01/10/2013

A Extração da Pedra da Loucura, Hieronymus Bosch

O JOÃO TOLO

                Havia uma mãe que tinha um filho, que era muito tolo.
                Um dia a mãe mandou o filho lavar umas tripas no mar. As tripas eram muitas, e viu um navio ao longe, que ia fazer uma viagem. Começou a chamar com um pano branco na mão.
                O navio aproximou-se, e os homens que vinham dentro perguntaram-lhe para que era que ele tinha chamado. Ele disse-lhes que era para lhe ajudarem a lavar as tripas. Eles deram-lhe uma grande sova e disseram-lhe que ele devia dizer “Boa viagem! Boa viagem!”.
                Ele foi para casa, disse à mãe o que lhe tinha sucedido. A mãe disse-lhe que ele devia dizer “Haja sangue! Haja sangue!”
                O tolo foi uma vez pela estrada adiante, e entrou numa igreja, onde se estava a celebrar um casamento.
                Ele pôs-se à porta e disse:
                – Haja sangue! Haja Sangue!
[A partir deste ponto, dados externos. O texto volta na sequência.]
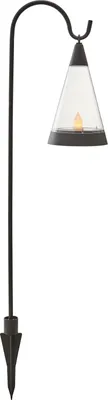 Produktbild von Star Trading LED Solar Laterne Gartenlaterne stehend hängend o. als Gartenstecker
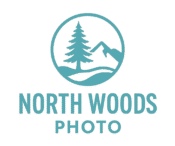 north woods photo teal transparent 2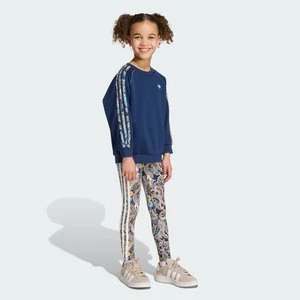 Obrázek produktu Souprava s nadrozměrným horním dílem a legínami adidas x Liberty London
                E o noivo, ouvindo dizer isto, pegou num cacete para lhe dar uma coça, e o tolo fugiu, e o noivo disse-lhe que devia dizer “Sejam felizes! Sejam felizes!”.
                Foi outra vez por uma estrada adiante e viu um enterro numa igreja. Pôs-se a dançar, a cantar e a dizer:
 – Sejam felizes! Sejam felizes!
Um convidado aborreceu-se daquele barulho, veio cá fora com um pau, deu-lhe uma cacetada e disse-lhe que ele devia ajoelhar-se e rezar.
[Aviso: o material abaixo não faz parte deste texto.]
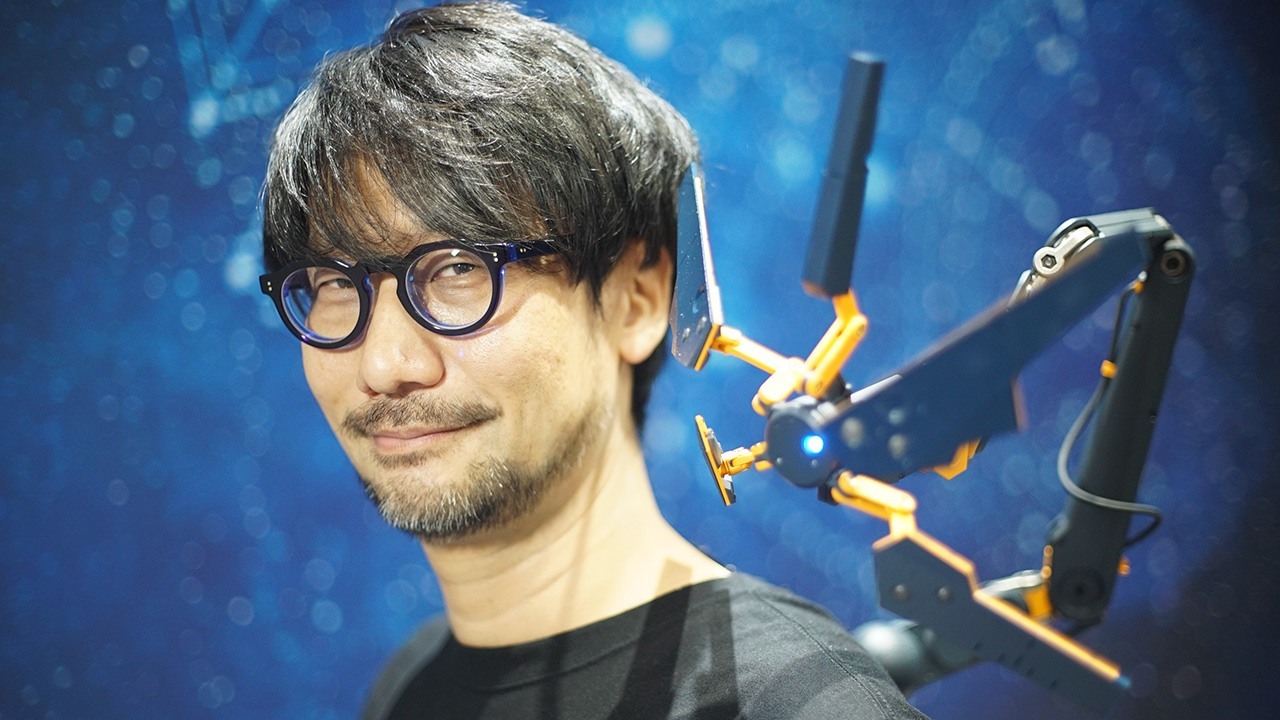 hideo kojima fará jogos até morrer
Ele foi para casa e disse à mãe tudo. A mãe disse-lhe que ele devia rezar.
No dia seguinte viu um burro a dormir. Ajoelhou-se ao pé dele e rezou por muito tempo.
Veio para casa e disse à mãe o que tinha feito. A mãe disse-lhe que, quando visse o burro a dormir, que lhe espetasse uma faca.
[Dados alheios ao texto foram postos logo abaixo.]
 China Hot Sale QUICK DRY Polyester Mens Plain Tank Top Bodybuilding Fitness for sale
No dia seguinte viu um homem a dormir e disse:
– Deixa, que vou fazer o que a minha mãe me disse.
Puxou de uma navalha e enterrou-lha no peito. Dizendo à mãe o que tinha feito, a mãe, para não ter mais desgostos, meteu-o num hospital de doidos, onde morreu.

Conto Popular Português coligido por Tito Cardoso e Cunha in Fenda/ Magazine Frenética Nº5, Fenda Edições, Coimbra, 1982.